As long as this Constitution remains in force, Parliament cannot take away rights, even if it wants to, because anyone who feels a law is removing rights granted by the Constitution can challenge it in court.
But rights are never absolute – free speech does not mean the right to incite murder – and it is therefore impossible to implement them without deciding the circumstances in which they do and do not apply. And that means limiting them.
So the real importance of the Bills is not that we will soon have rights we did not have before but that, for now, those rights are being defined by Parliament, not judges.
Without the Bills, judges could, in principle, decide on issues such as the criteria to be used in granting government contracts or whether chief executives should reveal their salaries in public. We are surely better off if questions like this are decided, as they have been over these past weeks, by debate between the people’s representatives.
The case for leaving the courts out of some of the other issues raised by the Bills is far more shaky. Citizens should not have to depend purely on a parliamentary majority to decide how much they should know about what the government does. Some clauses in the Promotion of Access to Information Act are themselves vague – information can, for example, be denied if releasing it harms the country’s “economic interests”; this is one issue on which courts which are doing their job should act to protect our rights.
In principle, the Bills change nothing since the courts can still decide on any of the issues they address. But courts which are sensitive to the difference between protecting basic rights and deciding on public policy issues will exercise their judgment, staying out of procurement policy, intervening where the government denies our right to know. The Bills are, therefore, an important potential test for the judges.
But they are also a test for politicians. Laws granting rights mean nothing without action to ensure that they are exercised. The challenge of ensuring that citizens enjoy rights in practice is particularly strong in this society where sharp inequalities ensure that some are far better equipped to exercise rights than others.
Take the Administrative Justice Bill, which entitles us to fair treatment from officialdom. Those most in need of the right are the poor, who are least able to protect themselves from official neglect or abuse; those most likely to use it are the affluent.
One irony of the post-1994 order is that measures designed to give citizens greater access to decisions are used exclusively or overwhelmingly not by the formerly rightless whom they are meant to empower, but by the affluent or the well-connected.

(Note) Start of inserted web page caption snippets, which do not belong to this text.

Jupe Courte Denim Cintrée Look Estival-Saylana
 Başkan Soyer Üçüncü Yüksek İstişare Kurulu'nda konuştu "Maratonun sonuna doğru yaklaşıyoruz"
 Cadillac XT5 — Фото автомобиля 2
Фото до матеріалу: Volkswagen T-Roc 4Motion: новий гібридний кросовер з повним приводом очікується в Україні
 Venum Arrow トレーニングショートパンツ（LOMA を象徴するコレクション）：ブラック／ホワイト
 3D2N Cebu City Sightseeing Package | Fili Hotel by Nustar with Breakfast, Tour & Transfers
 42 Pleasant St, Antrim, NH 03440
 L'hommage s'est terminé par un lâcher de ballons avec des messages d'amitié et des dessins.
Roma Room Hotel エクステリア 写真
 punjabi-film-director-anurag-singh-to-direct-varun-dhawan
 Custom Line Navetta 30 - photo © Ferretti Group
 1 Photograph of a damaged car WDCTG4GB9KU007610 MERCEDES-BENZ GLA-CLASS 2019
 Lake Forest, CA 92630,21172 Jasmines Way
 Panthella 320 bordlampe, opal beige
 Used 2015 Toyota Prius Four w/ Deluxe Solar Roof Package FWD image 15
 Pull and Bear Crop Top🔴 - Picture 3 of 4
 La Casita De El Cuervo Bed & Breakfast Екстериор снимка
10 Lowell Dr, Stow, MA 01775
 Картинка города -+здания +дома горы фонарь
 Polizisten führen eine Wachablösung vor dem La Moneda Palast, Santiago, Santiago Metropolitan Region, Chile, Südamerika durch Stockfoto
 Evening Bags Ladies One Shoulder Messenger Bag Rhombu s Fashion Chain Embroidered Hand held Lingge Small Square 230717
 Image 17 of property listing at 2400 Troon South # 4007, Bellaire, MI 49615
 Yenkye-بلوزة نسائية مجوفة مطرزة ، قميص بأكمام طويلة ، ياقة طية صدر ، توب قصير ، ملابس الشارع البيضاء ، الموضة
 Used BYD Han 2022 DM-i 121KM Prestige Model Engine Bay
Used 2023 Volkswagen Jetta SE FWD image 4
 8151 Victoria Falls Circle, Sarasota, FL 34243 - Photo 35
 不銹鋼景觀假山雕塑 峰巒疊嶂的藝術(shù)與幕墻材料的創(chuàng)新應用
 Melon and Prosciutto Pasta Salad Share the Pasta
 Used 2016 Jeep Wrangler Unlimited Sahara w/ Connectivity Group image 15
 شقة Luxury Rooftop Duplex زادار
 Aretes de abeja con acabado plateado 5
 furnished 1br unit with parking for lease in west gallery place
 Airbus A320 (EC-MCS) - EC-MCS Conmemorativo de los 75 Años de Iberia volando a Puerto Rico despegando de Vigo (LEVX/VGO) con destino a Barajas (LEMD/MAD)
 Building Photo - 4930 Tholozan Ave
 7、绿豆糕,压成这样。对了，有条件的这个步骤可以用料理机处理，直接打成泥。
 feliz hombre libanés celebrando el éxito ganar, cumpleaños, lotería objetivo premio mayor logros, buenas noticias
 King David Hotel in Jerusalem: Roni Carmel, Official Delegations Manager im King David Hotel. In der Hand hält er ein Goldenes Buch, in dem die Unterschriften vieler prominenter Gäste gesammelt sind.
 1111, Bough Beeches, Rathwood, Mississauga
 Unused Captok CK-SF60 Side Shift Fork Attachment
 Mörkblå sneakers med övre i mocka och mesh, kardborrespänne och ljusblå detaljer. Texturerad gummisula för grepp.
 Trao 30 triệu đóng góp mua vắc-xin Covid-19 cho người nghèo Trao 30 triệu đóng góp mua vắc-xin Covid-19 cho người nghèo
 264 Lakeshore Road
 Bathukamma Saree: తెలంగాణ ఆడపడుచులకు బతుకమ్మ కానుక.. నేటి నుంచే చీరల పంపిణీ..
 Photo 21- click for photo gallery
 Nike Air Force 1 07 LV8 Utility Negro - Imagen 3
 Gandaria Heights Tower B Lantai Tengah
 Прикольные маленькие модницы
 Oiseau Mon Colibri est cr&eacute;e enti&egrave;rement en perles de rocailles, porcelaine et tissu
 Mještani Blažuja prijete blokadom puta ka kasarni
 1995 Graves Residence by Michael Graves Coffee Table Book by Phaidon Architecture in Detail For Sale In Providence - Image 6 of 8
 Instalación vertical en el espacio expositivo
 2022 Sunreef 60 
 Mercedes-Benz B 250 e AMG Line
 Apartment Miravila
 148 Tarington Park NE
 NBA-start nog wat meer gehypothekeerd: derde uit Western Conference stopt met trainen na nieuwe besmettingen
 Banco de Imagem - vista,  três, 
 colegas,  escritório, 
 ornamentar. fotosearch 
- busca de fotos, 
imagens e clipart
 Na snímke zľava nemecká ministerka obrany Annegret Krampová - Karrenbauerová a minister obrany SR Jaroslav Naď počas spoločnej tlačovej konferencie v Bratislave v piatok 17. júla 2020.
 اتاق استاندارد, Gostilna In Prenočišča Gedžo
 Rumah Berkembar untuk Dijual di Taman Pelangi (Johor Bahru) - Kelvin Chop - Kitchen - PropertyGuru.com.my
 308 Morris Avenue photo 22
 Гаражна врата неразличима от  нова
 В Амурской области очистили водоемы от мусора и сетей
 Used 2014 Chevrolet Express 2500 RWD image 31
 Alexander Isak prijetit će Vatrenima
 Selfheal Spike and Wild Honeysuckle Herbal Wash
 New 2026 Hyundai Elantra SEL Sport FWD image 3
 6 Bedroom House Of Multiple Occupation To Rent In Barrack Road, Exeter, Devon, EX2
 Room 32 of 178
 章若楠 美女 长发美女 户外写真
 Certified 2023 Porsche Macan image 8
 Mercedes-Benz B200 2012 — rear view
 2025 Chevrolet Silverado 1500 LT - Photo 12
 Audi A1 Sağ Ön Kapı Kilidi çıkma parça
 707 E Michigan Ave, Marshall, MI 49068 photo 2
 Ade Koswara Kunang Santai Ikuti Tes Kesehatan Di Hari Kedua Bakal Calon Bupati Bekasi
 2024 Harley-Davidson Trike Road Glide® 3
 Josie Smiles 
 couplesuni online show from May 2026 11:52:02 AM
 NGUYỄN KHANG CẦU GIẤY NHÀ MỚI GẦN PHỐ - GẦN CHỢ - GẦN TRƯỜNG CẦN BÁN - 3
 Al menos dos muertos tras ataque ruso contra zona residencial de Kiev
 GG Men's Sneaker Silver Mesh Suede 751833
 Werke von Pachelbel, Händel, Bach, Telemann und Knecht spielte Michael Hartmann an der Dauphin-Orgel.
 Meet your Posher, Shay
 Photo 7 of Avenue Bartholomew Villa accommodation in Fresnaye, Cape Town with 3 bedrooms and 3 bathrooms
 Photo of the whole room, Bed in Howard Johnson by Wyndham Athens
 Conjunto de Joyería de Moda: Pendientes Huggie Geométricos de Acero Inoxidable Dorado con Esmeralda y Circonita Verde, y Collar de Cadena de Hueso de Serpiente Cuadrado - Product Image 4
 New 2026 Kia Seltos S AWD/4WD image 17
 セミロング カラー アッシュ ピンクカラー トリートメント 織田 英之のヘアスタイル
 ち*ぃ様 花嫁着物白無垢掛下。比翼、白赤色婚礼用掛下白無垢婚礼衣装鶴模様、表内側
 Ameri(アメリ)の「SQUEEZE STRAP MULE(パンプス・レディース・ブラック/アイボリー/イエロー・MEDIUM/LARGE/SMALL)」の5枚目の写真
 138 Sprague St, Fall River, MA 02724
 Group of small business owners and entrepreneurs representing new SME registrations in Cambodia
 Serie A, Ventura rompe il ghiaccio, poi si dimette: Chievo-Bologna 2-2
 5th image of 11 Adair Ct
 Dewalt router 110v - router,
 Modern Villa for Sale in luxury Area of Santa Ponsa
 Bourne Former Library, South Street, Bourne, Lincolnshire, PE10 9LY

Not only are parliamentary committee hearings dominated or monopolised by those with resources and organisation. Procedures established by, for example, Gauteng’s legislature to give citizens the right to petition government are used mainly by the affluent; labour law barring workplace discrimination was, at least until recently, used only by white men.
White men – or suburbanites – are as entitled to rights as anyone else. But if they, and they alone use them, we are making no progress towards a fair society.
The government has still not found ways to ensure that opportunities to participate and claim rights are spread more evenly; the Bills will be an empty gesture unless it makes a conscious effort to ensure that everyone who needs to use them, can.
Finally, the Bills are a challenge to citizens, particularly those who believe that everyone, and the poor in particular, are entitled to rights.
However seriously the government takes the Bills, it is naive to expect that it will ensure that everyone denied information or administrative justice claims it. That task will fall to activists, NGOs and movements that work among grassroots citizens; it is they who will have to ensure that possibilities created by the law become realities.
So the Bills do not automatically usher in a new era. But they could take us closer to one if the courts, the government and citizens see them as a beginning, not an end, of an attempt to create a stronger democracy for all.